Goal of the exercise » Every line in the data below from the one containing "Volant personnalisé –" down to the one containing "Bosch Aspiradora de", both included, must be retyped exactly; no other line is to appear.

Extracted records »

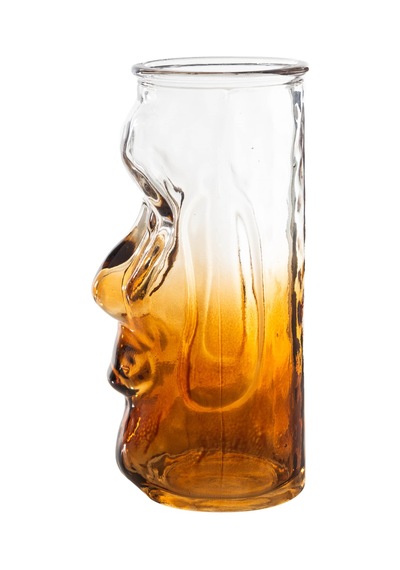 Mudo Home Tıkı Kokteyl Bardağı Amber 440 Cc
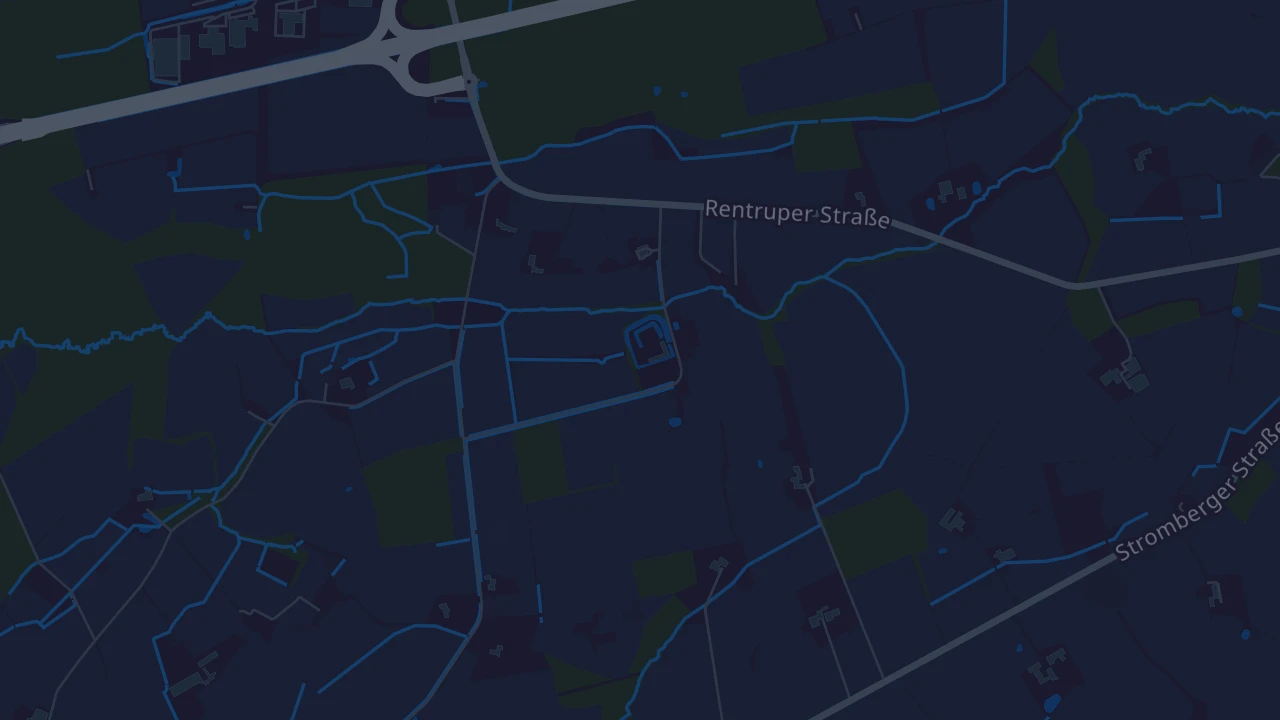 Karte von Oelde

--

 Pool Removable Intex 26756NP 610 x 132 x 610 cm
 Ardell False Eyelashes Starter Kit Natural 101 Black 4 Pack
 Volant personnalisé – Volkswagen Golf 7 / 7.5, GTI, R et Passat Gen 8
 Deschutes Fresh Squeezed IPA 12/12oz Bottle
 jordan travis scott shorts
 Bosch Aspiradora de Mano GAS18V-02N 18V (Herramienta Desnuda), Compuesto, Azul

Response area »
 Volant personnalisé – Volkswagen Golf 7 / 7.5, GTI, R et Passat Gen 8
 Deschutes Fresh Squeezed IPA 12/12oz Bottle
 jordan travis scott shorts
 Bosch Aspiradora de Mano GAS18V-02N 18V (Herramienta Desnuda), Compuesto, Azul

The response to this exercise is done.